A third step is forming a SiO2 oxide film 33 by thermal oxidation, dry oxidation, wet oxidation and so on. The emitter having a plan tip is sharpened through the oxidation process, and at the same time a thin thermal oxide film is formed to serve as an insulating layer through the oxidation of the substrate 31. A breakdown voltage value of the oxide film 33 using a Si thermal oxidation process is 6.8 to 9 MV/cm, which is twice as high as voltage of a deposition film using an electron beam evaporator. In addition, the oxide film has smaller leakage current than the prior art deposition film. Accordingly, the oxide film is half as thick as the insulating layer by the prior art deposition, and it takes shorter time to make the emitter. The thickness of the SiO2 thermal oxide film can be reduced to about 4000 angstroms. Referring to FIG. 3C, a profile of the Si thermal-oxide film 33 is the same as a selective etching profile, and in the following process, the thermal oxide film 33 is removed and the sharp tip profile of the silicon emitter remains.
A fourth step is forming a gate electrode 39 by depositing a gate metal, for example, Mo, Cr and the like by sputtering on the SiO2 thermal oxide film to coat the emitter tip wherein the mask and the emitter are not completely encapsulated by the gate metal (FIG. 3D). The gate electrode 39 formed by sputtering deposition overcomes the disadvantage that a diameter of a gate hole widens in an inclination deposition using the electron beam evaporator of the prior art. Also, the applied voltage to the gate electrode 39 may become lower since the gate electrode 39 is formed to surround the emitter tip.
The final step is a wet etching process to remove the oxide mask 32 and the lower oxide film 33, and then a silicon field emission emitter of the present invention 25 is formed as shown in FIG. 3E.

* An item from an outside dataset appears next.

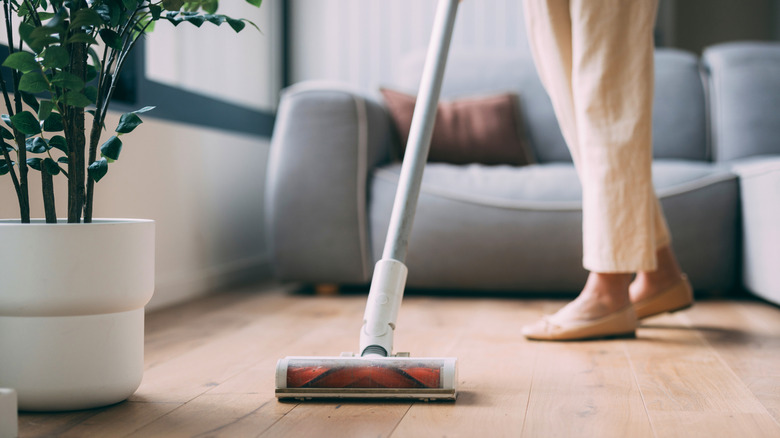 Woman vacuuming hardwood floor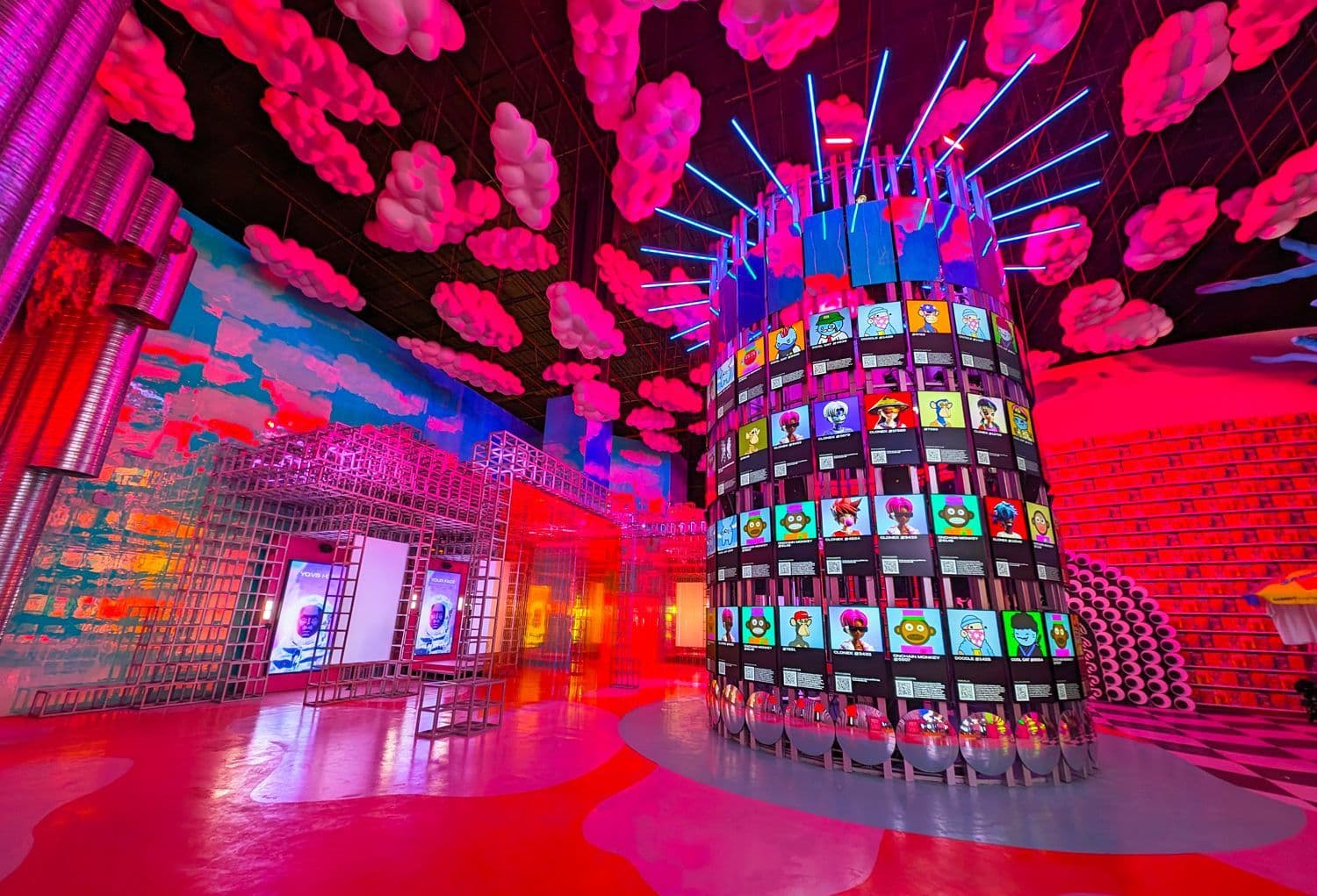 A cylindrical LED video tower surrounded by pink cloud decorations hanging from the ceiling in a red-lit room.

On the other hand, a process for making an upper substrate is as follows:
First, a transparent conductive layer having a
thickness of about 2000 to 3000 angstroms to which a positive electric potential is applied and is deposited by sputtering. Then a phosphor layer is formed by depositing the phosphor (ZnO:Zn) by screen printing for forming a thick film or slurry. At this time, a green phosphor (Zn0.65 Cd0.35 S:Ag,Cl), a yellow phosphor (Zn0.2 Cd0.8 S:Ag,Cl) and a blue phosphor (ZnS:Ag,Cl) are respectively used when applied to colour display. Spacers are formed by the thick film screen printing to leave about 200 micro meters space between a surface of the phosphor layer and the surface of the gate electrode 39. After that, the upper, lower substrate and spacers are fixedly attached to one another by using a frit paste, and the frit is melted to attach by heat. A high vacuum of less than 1.0×10-6 Torr is produced inside of a pipe attached by the above-mentioned process through an exhaust pipe. Then, when the inside of the panel is electrically connected to a circuit driver on the outside of the panel, the formation of an electron emission display finishes.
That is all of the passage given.